Pantheress is not Nakima’s first large-scale mural. Her work can be seen on walls from Rhode Island to Michigan to California. While the new mural at the Ackland pays homage to women of a past era, Nakima’s aesthetic simultaneously pulses to the beat of Afrofuturism: healing, evolution, transformation. In addition to murals, her gallery hosts portraits of renowned Black leaders—MLK and Obama—as well as an unnamed African child, a soulful indigenous woman, a celestial embodiment of Justice. Nakima’s art colorfully weaves an intergenerational needle from Black ancestors to activists to wholly new communities that evolve the culture towards a positive, extraordinary future.

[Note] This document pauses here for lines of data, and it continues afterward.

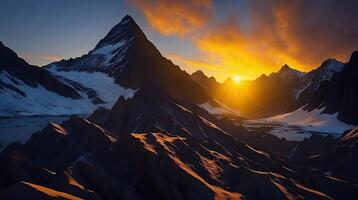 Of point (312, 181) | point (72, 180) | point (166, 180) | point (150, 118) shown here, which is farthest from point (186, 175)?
point (150, 118)

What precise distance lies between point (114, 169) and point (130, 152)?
3.45m

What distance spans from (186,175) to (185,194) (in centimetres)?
285

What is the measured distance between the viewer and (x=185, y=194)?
193 ft

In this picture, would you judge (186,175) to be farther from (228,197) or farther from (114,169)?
(114,169)

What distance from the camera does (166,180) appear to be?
199ft

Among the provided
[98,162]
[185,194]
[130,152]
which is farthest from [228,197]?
[98,162]

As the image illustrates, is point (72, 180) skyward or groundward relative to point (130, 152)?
groundward

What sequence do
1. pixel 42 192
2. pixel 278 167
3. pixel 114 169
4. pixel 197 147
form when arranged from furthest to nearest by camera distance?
pixel 278 167, pixel 197 147, pixel 114 169, pixel 42 192

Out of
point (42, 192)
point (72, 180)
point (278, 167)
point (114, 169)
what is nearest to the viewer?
→ point (42, 192)

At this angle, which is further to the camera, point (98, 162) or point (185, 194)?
point (98, 162)

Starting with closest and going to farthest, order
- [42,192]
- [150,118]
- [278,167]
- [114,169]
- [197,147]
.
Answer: [42,192], [114,169], [197,147], [278,167], [150,118]

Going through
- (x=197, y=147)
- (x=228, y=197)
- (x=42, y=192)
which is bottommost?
(x=42, y=192)

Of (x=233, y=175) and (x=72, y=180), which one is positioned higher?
(x=233, y=175)

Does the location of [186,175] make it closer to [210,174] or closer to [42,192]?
[210,174] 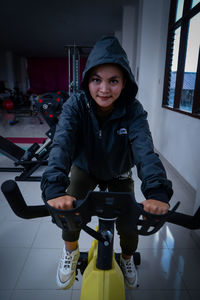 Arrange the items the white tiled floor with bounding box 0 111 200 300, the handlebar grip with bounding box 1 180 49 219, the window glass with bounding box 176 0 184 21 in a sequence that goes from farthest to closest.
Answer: the window glass with bounding box 176 0 184 21 < the white tiled floor with bounding box 0 111 200 300 < the handlebar grip with bounding box 1 180 49 219

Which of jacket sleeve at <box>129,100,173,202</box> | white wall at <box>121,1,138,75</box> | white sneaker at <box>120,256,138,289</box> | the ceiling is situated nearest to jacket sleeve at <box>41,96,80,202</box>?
jacket sleeve at <box>129,100,173,202</box>

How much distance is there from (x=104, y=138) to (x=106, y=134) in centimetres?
2

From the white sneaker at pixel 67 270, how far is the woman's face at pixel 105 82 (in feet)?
2.69

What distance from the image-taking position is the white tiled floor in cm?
127

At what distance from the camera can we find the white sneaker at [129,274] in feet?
3.86

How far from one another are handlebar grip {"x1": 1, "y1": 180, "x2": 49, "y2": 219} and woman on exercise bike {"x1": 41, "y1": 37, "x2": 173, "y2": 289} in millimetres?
224

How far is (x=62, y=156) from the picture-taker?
0.92m

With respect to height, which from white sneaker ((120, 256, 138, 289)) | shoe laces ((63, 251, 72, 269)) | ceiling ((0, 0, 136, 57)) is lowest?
white sneaker ((120, 256, 138, 289))

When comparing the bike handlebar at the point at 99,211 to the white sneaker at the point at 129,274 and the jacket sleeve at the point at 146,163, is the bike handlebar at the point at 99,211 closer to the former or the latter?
the jacket sleeve at the point at 146,163

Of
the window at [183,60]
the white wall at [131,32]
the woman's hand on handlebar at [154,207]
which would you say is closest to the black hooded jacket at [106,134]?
the woman's hand on handlebar at [154,207]

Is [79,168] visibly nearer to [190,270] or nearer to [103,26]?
[190,270]

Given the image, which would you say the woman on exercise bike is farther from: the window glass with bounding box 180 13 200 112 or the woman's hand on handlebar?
the window glass with bounding box 180 13 200 112

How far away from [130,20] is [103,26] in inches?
110

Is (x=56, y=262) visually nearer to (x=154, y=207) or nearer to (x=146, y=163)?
(x=146, y=163) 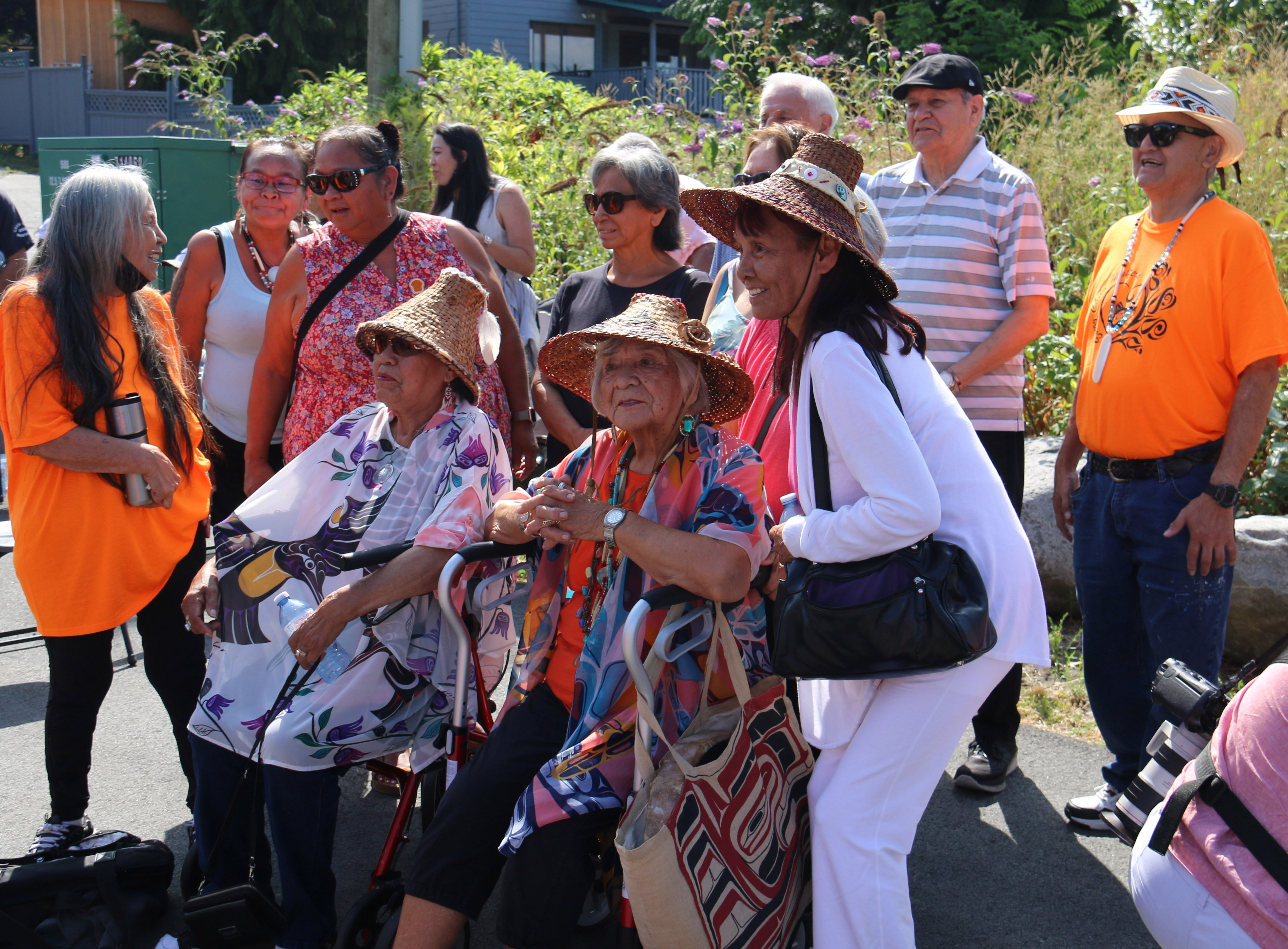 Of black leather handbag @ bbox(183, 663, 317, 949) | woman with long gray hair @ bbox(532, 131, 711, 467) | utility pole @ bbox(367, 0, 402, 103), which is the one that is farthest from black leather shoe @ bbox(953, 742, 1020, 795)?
utility pole @ bbox(367, 0, 402, 103)

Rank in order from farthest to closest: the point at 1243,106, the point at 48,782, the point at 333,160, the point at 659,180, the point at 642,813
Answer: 1. the point at 1243,106
2. the point at 659,180
3. the point at 333,160
4. the point at 48,782
5. the point at 642,813

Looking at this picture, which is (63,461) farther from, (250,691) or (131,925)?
(131,925)

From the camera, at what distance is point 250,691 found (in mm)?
2979

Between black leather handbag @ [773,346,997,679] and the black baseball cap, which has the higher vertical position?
the black baseball cap

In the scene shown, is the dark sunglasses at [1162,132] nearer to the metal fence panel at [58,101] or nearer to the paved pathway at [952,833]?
the paved pathway at [952,833]

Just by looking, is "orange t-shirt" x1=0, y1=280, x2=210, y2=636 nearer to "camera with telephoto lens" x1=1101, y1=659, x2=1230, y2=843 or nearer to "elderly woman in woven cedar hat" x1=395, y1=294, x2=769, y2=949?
"elderly woman in woven cedar hat" x1=395, y1=294, x2=769, y2=949

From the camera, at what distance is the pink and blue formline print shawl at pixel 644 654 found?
2.47 meters

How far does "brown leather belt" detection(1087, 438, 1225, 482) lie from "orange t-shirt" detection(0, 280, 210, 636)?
2897 mm

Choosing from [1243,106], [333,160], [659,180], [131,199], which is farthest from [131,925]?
[1243,106]

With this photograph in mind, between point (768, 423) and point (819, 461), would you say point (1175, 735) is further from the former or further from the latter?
point (768, 423)

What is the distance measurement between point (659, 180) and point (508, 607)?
1706 millimetres

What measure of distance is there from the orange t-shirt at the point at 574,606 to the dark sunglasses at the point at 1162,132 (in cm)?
177

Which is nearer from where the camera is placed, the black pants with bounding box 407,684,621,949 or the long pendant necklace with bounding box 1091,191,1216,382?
the black pants with bounding box 407,684,621,949

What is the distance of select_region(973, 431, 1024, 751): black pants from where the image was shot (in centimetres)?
363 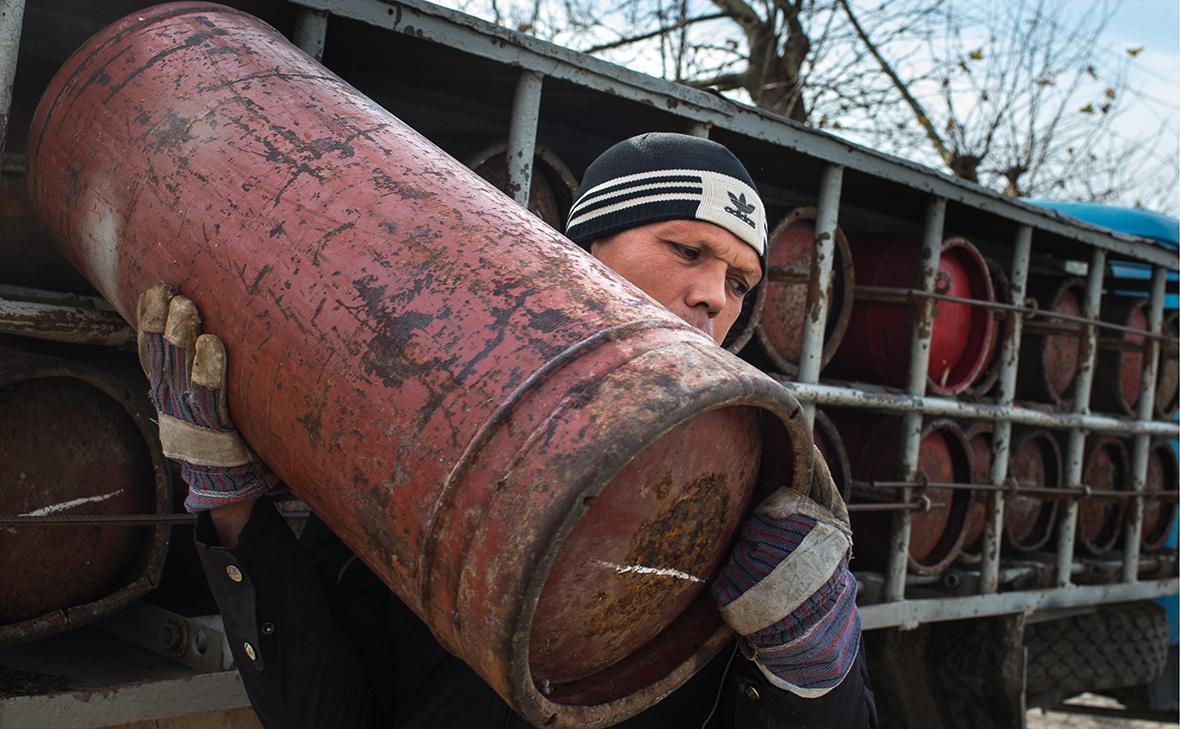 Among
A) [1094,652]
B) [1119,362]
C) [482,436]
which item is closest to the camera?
[482,436]

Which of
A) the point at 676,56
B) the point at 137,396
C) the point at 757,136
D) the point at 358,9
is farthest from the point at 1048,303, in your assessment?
the point at 676,56

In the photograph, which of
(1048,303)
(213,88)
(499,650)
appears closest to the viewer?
(499,650)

Her vision is calm and clear: “I want activism and revolutionary movements to also look creative and not only militant. I want them to look cohesive and community-oriented, not anti-this or that, but pro-unity.”

Members of Nakima’s family proudly looked on as she answered questions at the opening.“Georgie has always been an artist. Ever since she was young enough to hold a crayon, she started drawing flowers on the wall,” her mother laughingly recalled. Nakima later attended college at Winston-Salem State University, where she studied Biology and Chemistry. Her studies deepened her sense of wonder about nature and her fascination with geometrical patterns, both of which are evident in Pantheress.

When Nakima was asked if she is the Pantheress, she replied with assurance, “We all are.”

Georgie Nakima’s mural, Pantheress, will remain on display at the Ackland Museum for one year from its opening.

Diana Newton is a coach, facilitator, filmmaker, writer, artist, yoga teacher and general Renaissance woman. Her documentary film The Ties That Bind is available for streaming on UNC-TV. She lives in Carrboro and is a UNC alum.